After many subsequent experiments, there is now evidence of the firm relationship between shapes and our behavior in front of them. This even happens with sounds, tastes and smells, as well as with music, but the weight of this powerful secret force between our brain and the world has barely been considered in the architecture.
In fact, Takete and Baluba (who, after the experience repeated, changed their names to become more “Kiki” and “Bouba”, more street and badass), had had blatant backgrounds. Mies van der Rohe, in Berlin, shortly before his compatriot and neighbor Kohler, in 1921, designed a skyscraper on Friedrichstrasse and a year later another in glass. It is difficult not to see in the coincidence between the designs of Wolfgang Kohler and those of Mies for the towers a powerful exchange between disciplines... Looking at the forms adopted in their plan, the proper name of these glass towers is none other than Kiki and Bouba.

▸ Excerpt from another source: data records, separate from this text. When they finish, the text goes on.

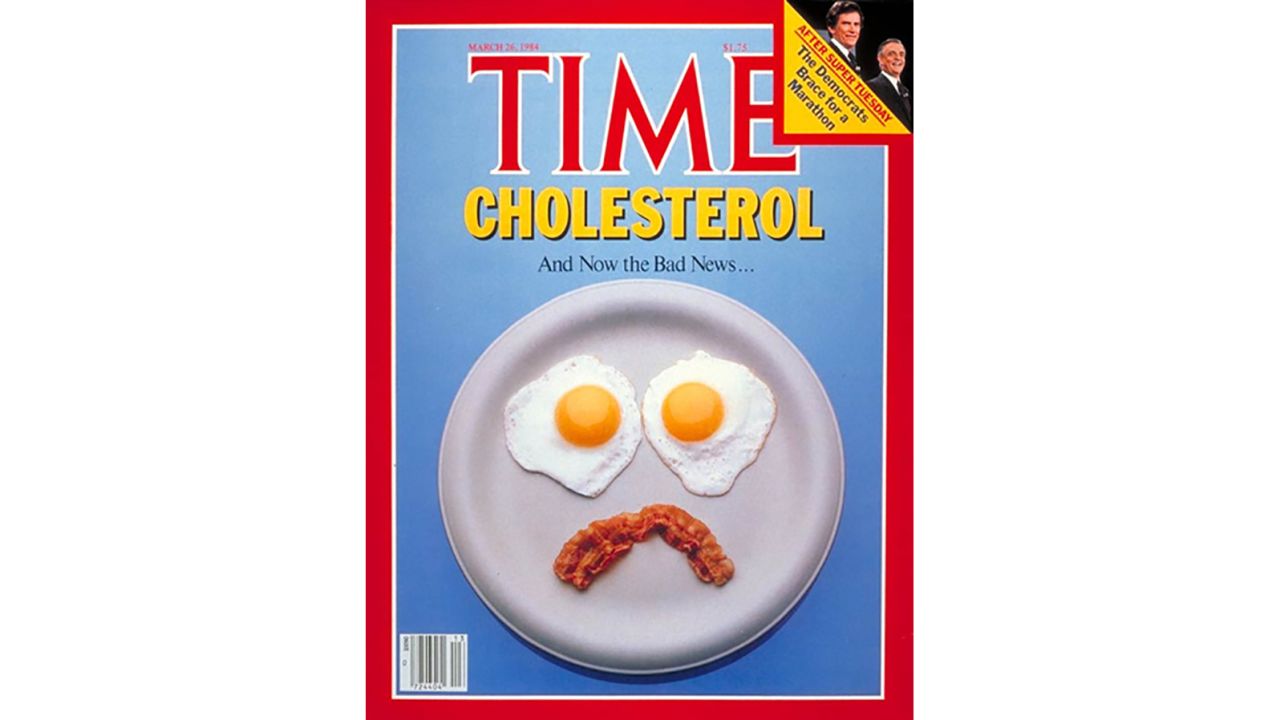 Time magazine made its own statement on the egg debate with this disappointed face.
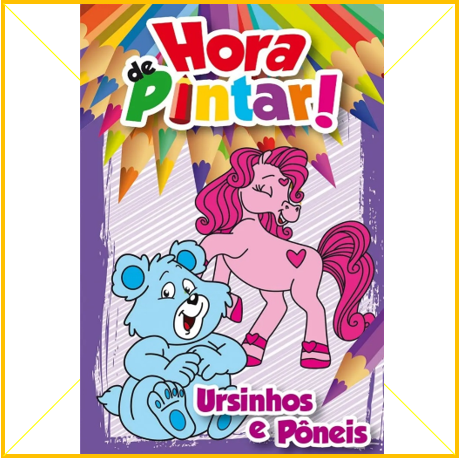Hora de píntar ursinhos e poneis 16pag Rideel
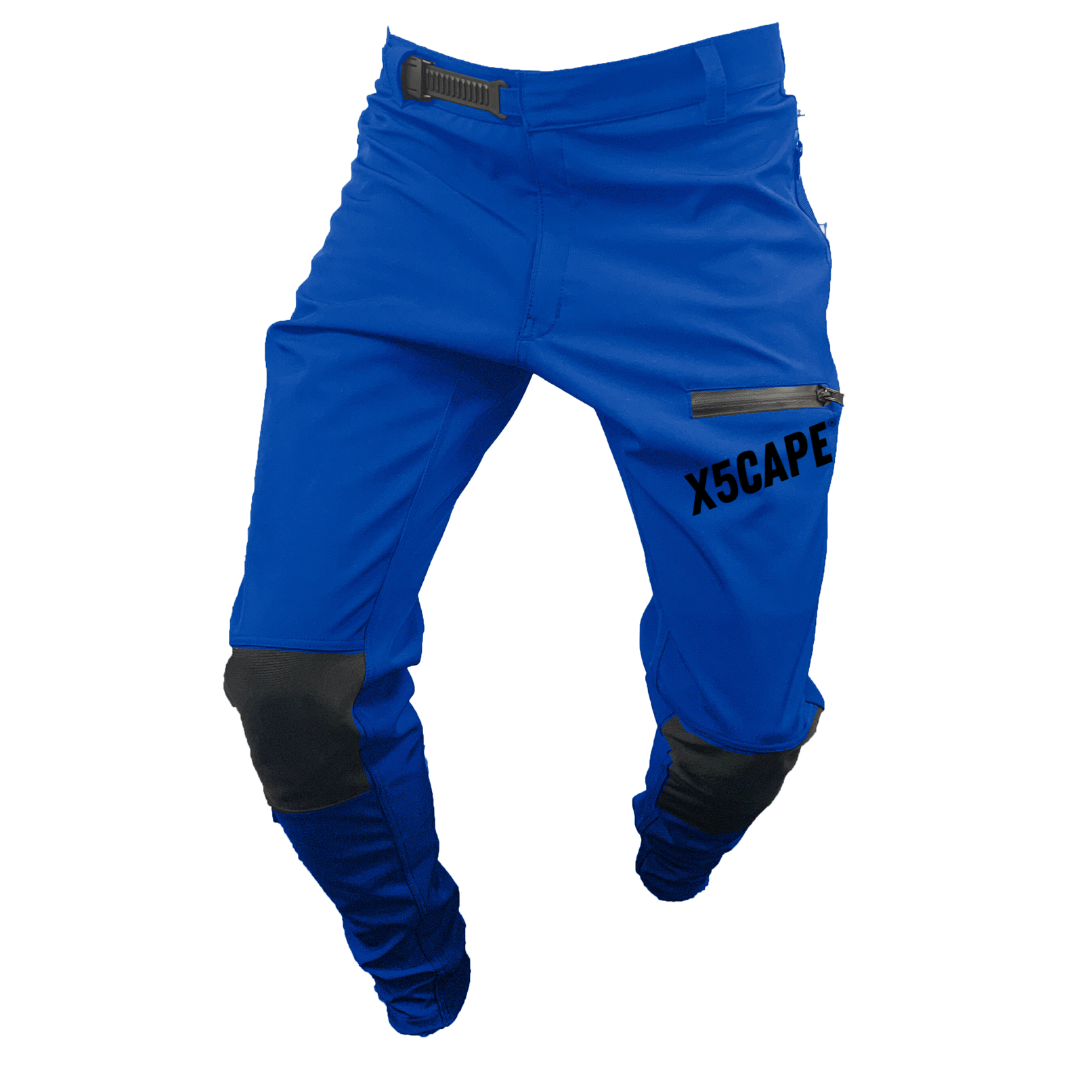 X5CAPE Rebellion Custom Logo MTB Trail Pants - Royal Blue-x5Cape Mountain Bike Pants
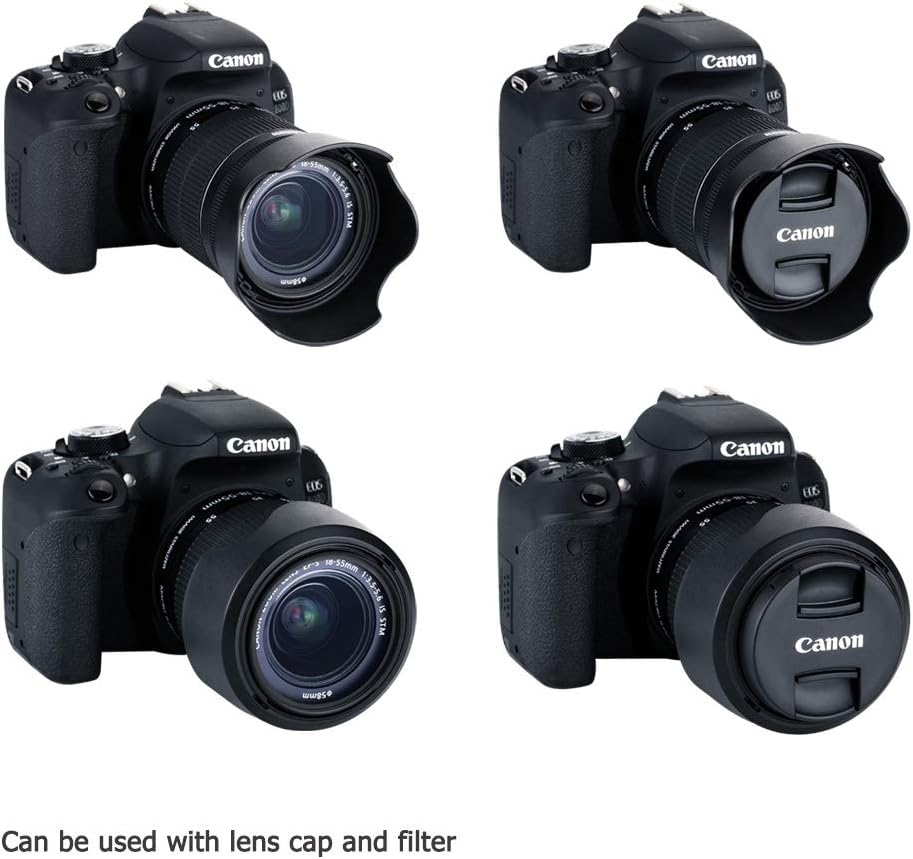 EW63C Bajonett Gegenlichtblende mit UV-Filter Passend für Canon RF-S 14-30mm F4-6.3 on EOS R50 V Cam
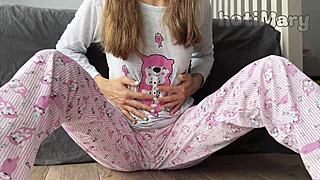 petite asian teen squirts horny teasing orgasm closeup bliss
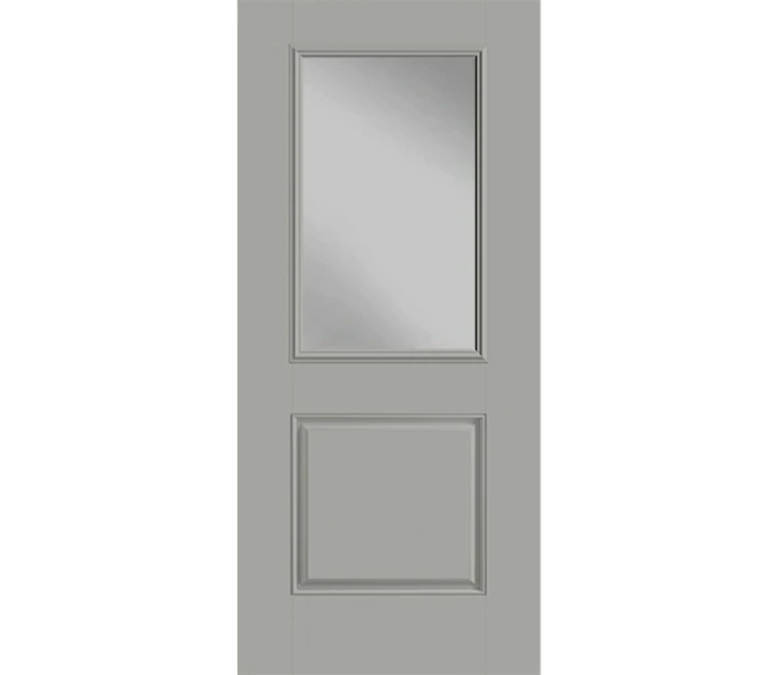 Jackson Half Light 1 Panel Fiberglass Entry Door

In Ivry, we find the Kiki effect in the Renaudie star project. Indeed, the name "stars" is given in reference to the triangular points in raw concrete which radiate from an orthogonal frame. It is the Taketian synesthesia of a new mode of habitat on a sharp plane. Through these sharp-angled corners, Renaudie wanted to break with the standardization advocated in the 1950s. The concrete confirms the synesthesia of the Takete, where the peaks and the raw material of the concrete reinforce this effect.
How to link architecture to the language of societies, how to make our message accessible through their forms if even architects do not know how to give a good name to their works?